#### DATA SEGMENT
━━━━━━━━━━━━━━━━━━━━━━━━━━━━━━

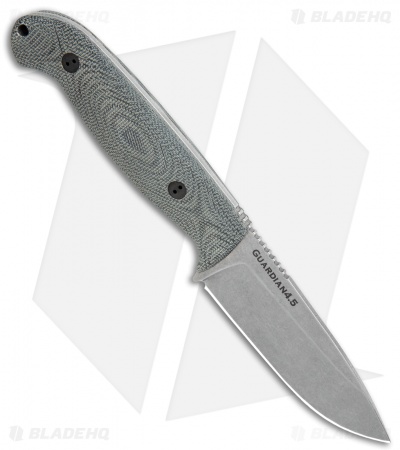 Bradford Knives Guardian 4.5 Fixed Blade 3D Black Micarta (4" Sabre SW )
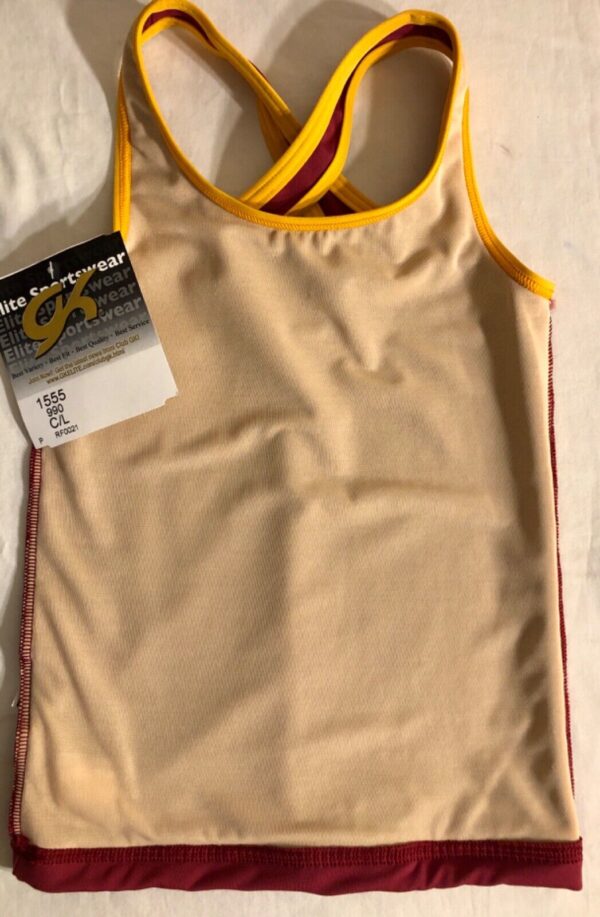 GK ELITE CHEER TOP CHILD LARGE BURGUNDY GOLD DRYTECH SPORT CAMISOLE Sz CL NWT! - Image 5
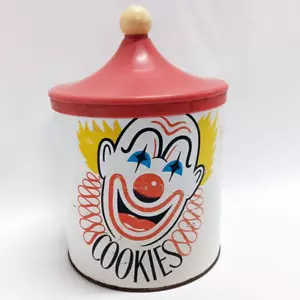 Vintage 1950s Clown Cookie Jar Tin Canister - Australian Made - Decoware - Picture 1 of 9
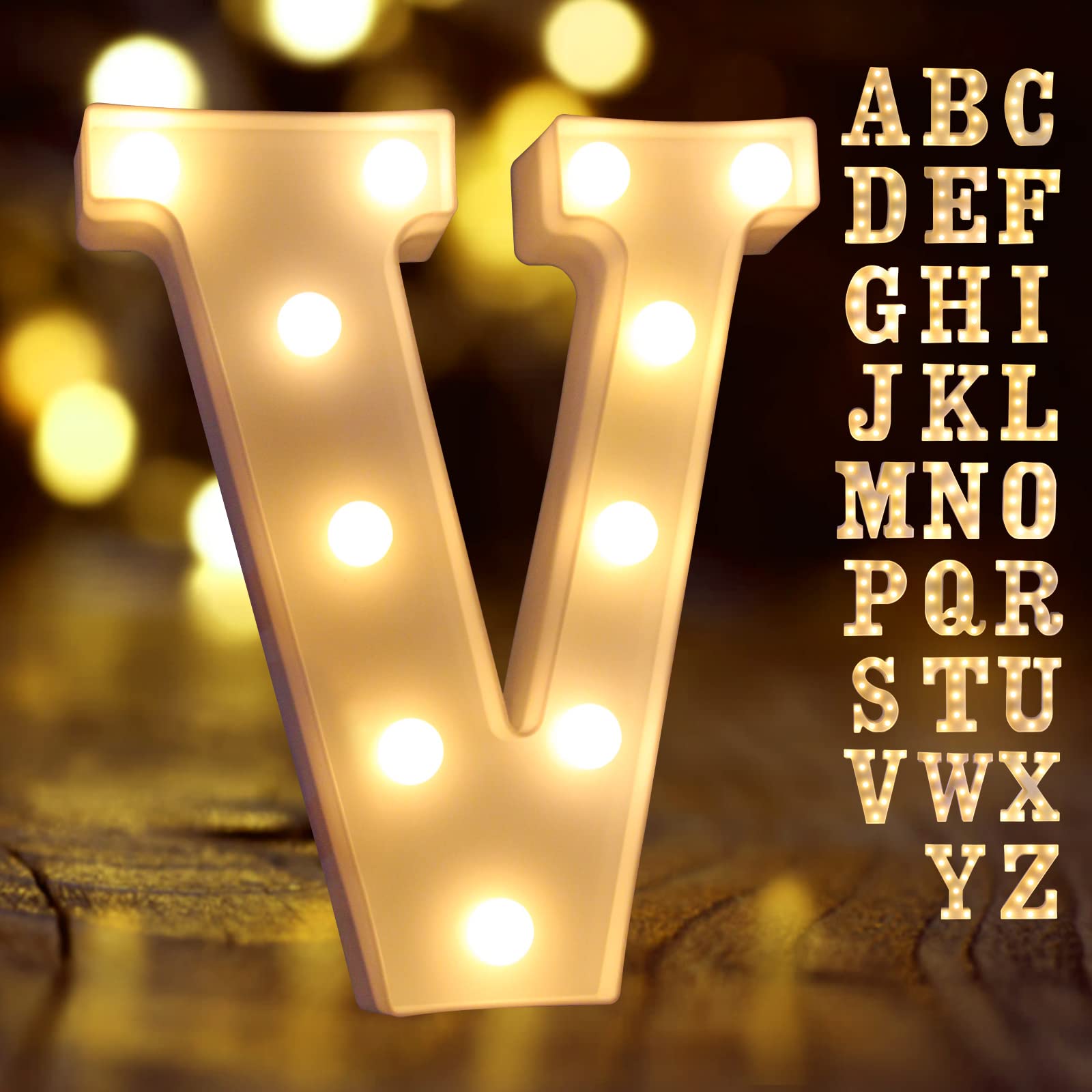 Laerjin Light Up Letters, Decorative LED Marquee Number Sign, Plastic, Letter Lights-V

━━━━━━━━━━━━━━━━━━━━━━━━━━━━━━

#### EXERCISE REQUIREMENTS
Reproduce the material word for word, minus the images.

#### TASK ANSWER
 Bradford Knives Guardian 4.5 Fixed Blade 3D Black Micarta (4" Sabre SW )
 GK ELITE CHEER TOP CHILD LARGE BURGUNDY GOLD DRYTECH SPORT CAMISOLE Sz CL NWT! - Image 5
 Vintage 1950s Clown Cookie Jar Tin Canister - Australian Made - Decoware - Picture 1 of 9
 Laerjin Light Up Letters, Decorative LED Marquee Number Sign, Plastic, Letter Lights-V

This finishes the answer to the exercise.